Realtime mode tool list (what you’ll actually use)
When you build with OpenAI Realtime over WebSocket, these are the core levers you’ll exercise:
- session.update — set instructions (system prompt), voice, turn_detection: server_vad, audio formats, enable input transcription, and register tools (function calling).
- input_audio_buffer.append — append base64-encoded PCM16@16k; server-VAD commits when it detects end-of-speech. No ack is sent for each append (by design).
- response.output_audio.delta — streamed base64 PCM16 from model; you re-packetize into RTP.
- response.cancel — cut model speech on barge-in. (Send when you detect inbound speech or DTMF.)
- response.tool_call → tool.output — function calling round-trip for CRM tickets, lookups, etc.
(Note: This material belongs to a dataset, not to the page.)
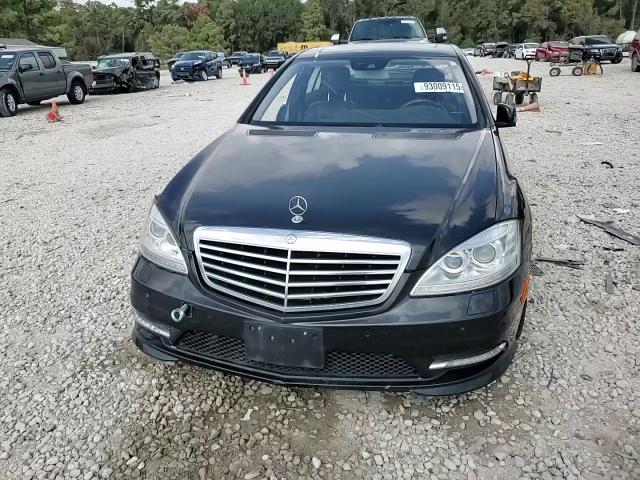 2013 Mercedes-Benz S 550 VIN: WDDNG7DB8DA518045 Lot: 93009115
(There are more events, transcript deltas, response lifecycle but those five carry most real-time telephony apps.)
Testing
I know you hate this, but we cannot risk not doing it!
- Asterisk CLI: pjsip set logger on, rtp set debug on.
- SIPp load tests for multiple concurrent calls; it’s the standard SIP traffic generator.
- Fail NAT intentionally (block RTP) and confirm alerts fire.
- Talk over the bot; confirm barge-in cancels TTS promptly.
- Hammer it with noise; server-VAD should still chunk sanely.
Troubleshooting
- “No return audio” → You didn’t fetch or you ignored UNICASTRTP_LOCAL_ADDRESS/PORT; or firewall/NAT ate the path.
- “Output is slow/low” → check 16k PCM framing and 20 ms chunking; ensure you’re not stuffing 2 s frames.
- “ExternalMedia doesn’t expose UNICASTRTP vars” → double-check you created ARI ExternalMedia with encapsulation=rtp/transport=udp (defaults), and you’re querying the right channel id. There are known misconfig gotchas in community threads.
Appendix — Asterisk + ExternalMedia references (so you don’t have 37 tabs open)
- External Media + ARI—explains the variables and injection path (UNICASTRTP_LOCAL_*). (docs.asterisk.org)
- ExternalMedia example—community snippet showing format=slin16, direction=both. (Asterisk Community)
- ARI externalMedia API args—app, channelId, external_host, format, direction. (asterisk.ctiapps.pro)
- Asterisk external-media sample repo—end-to-end pattern (different backend). (GitHub)
- OpenAI Realtime docs—events, flow, server-VAD, voice. (OpenAI Platform)
- Voices roundup—realtime voices available (and newer ones announced). (OpenAI Developer Community)
- Prometheus metrics—Node patterns you’ll mirror in Python; general guidance. (GitHub)
Closing
If your plan was “just WebRTC in a browser,” great for a demo. The second you need SIP trunks, PSTN, and the glorious mess that is NAT, you need Asterisk + ARI + Realtime. Add your CRM tools, your moderation policy, and your dashboards—and ship.